Of course, these are not injuries in a literal sense. Rather, the bulges of paint are to be interpreted aesthetically, like the openings of the picture surface in works by Lucio Fontana (1899-1968), or the traces in artworks made of torn-off posters, such as those by Raymond Hains (1926-2005). Gross was weaned on such positions in the avant-garde art scene in 1960s Cologne. He was similarly confronted, for example, by paintings full of color contrasts by the likes of Clifford Still (1904-1980) and other representatives of American Expressionism, when he settled in New York in 1972, making it his primary residence. This art historical system—up to the dynamics of tachistic placements—is something Gross also invokes associatively in his works.
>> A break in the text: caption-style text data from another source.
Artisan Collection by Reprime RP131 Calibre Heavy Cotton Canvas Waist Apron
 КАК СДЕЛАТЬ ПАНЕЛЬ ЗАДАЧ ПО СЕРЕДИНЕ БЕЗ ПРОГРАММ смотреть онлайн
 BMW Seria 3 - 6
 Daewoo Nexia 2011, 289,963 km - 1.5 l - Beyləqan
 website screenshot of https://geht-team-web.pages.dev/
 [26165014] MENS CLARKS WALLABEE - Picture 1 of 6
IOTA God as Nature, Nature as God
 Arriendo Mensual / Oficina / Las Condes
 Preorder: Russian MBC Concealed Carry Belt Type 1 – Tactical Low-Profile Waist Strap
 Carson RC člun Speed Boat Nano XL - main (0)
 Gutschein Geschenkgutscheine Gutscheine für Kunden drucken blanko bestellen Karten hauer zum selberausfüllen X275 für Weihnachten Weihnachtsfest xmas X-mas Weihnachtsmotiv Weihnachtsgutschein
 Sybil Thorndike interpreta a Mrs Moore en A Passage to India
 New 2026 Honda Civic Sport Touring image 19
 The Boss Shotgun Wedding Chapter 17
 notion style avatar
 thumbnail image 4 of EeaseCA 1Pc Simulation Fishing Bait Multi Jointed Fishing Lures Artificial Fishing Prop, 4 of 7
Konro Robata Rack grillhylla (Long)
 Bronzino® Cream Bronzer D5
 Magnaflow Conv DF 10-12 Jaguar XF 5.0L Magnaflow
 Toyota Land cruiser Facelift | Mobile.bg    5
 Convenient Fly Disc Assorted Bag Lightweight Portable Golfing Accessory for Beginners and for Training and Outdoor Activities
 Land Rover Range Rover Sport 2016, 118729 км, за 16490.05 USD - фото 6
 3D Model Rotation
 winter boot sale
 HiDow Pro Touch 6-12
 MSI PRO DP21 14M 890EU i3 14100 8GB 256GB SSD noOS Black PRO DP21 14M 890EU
His native Cologne and his adopted New York home also perhaps fueled the artist’s dialogue with the theme of the diptych. Immediately prior to beginning his work on the Contact Paintings, he rendered the twin towers of the Cologne Cathedral, an inscribed symbol of home for all Rhinelanders, in an abstract painting from 1996 called “Colonia Twins.” And for decades, the towers of the World Trade Center in Manhattan, the “Twin Towers,” were a landmark in the New York metropolitan area. Gross gives his “Twins” last names as titles: for example, “Schmidt Twins,” or “Elder Twins.” These were selected blindly from the New York telephone book. By using such random names, he releases the works from his care to their own existence. Here as well he emphasizes the autonomy of his artifacts, which have created themselves mutually during their process of origination, as described above.  

Unlike positions in analytic color painting, such as those in works by Marcia Hafif (1929-2018) or Joseph Marioni (b. 1943) (who, for example, primarily question painting in pure self-reference concerning its parameters, the nature of the picture carrier, the character of the color material, and the technique used for paint application in relation to light and space), Gross succeeds in delivering a synthetic approach to color painting by evoking associative and narrative levels of meaning, in addition to analyzing the medium of painting and the painting process.